Datolite is a calcium boron hydroxide nesosilicate, CaBSiO4(OH). It was first observed by Jens Esmark in 1806, and named by him from δατεῖσθαι, "to divide," and  λίθος, "stone," in allusion to the granular structure
of the massive mineral.

Datolite crystallizes in the monoclinic system forming prismatic crystals and nodular masses. The luster is vitreous and may be brown, yellow, light green or colorless. The Mohs hardness is 5.5 and the specific gravity is 2.8 - 3.0. 

The type localities are in the diabases of the Connecticut River valley and Arendal, Aust-Agder, Norway.

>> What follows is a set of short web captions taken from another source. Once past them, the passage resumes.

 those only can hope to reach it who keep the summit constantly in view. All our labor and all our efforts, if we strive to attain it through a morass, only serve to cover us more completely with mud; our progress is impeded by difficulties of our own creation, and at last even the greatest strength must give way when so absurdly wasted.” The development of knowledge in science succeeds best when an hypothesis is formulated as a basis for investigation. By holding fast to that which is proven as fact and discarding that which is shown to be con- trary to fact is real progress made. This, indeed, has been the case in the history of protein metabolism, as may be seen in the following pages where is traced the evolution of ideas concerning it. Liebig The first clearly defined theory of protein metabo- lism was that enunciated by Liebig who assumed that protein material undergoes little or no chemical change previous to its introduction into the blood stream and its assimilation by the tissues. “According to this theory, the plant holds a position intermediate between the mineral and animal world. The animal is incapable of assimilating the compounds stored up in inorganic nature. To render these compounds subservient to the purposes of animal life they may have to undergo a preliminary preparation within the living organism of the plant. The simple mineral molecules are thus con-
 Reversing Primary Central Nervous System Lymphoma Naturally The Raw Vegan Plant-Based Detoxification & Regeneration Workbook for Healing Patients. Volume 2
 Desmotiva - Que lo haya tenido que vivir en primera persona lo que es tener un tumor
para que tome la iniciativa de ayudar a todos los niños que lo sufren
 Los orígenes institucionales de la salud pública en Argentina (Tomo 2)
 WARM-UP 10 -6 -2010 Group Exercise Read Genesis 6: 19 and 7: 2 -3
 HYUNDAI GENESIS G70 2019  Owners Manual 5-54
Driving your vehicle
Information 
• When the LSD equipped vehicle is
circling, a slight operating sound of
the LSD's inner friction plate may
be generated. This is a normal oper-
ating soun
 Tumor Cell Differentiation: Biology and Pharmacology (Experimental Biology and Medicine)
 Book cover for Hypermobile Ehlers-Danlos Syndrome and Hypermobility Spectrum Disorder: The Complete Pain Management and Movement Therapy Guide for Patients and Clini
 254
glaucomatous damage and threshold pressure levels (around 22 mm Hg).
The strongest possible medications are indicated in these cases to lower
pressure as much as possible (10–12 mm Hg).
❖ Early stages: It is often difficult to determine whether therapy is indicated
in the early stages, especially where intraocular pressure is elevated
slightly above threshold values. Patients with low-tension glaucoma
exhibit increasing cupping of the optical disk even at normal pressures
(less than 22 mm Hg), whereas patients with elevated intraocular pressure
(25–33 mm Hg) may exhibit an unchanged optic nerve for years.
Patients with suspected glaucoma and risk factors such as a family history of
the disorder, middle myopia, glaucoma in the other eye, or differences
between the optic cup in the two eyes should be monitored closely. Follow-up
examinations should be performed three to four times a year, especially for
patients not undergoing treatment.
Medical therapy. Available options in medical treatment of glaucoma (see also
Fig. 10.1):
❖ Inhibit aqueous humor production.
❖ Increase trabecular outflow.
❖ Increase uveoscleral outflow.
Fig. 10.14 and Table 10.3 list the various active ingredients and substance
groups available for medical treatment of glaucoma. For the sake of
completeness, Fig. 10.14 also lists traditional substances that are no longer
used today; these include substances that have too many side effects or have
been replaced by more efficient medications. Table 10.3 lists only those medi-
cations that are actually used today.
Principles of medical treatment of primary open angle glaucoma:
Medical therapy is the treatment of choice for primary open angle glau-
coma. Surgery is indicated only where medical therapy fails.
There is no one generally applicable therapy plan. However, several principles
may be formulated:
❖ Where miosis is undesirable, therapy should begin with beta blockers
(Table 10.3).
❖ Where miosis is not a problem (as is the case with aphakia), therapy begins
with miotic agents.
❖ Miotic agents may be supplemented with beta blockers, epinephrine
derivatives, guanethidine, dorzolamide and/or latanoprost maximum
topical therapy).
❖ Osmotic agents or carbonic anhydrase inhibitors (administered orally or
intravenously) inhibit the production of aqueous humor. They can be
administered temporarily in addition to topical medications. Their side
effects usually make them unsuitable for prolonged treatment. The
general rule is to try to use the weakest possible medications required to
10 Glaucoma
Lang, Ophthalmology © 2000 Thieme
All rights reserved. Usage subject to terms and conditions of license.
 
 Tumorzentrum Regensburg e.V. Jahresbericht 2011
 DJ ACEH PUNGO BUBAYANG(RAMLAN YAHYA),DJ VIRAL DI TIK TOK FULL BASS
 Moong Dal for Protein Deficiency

Associated minerals include prehnite, danburite, babingtonite, epidote, native copper, calcite, quartz and zeolites. It is common in the copper deposits of the Lake Superior region of Michigan. It occurs as a secondary mineral in mafic igneous rocks often filling vesicles along with zeolites in basalt. Unlike most localities throughout the world, the occurrence of datolite in the Lake Superior region is usually fine grained in texture and possesses colored banding. Much of the coloration is due to the inclusion of copper or associated minerals in progressive stages of hydrothermal precipitation.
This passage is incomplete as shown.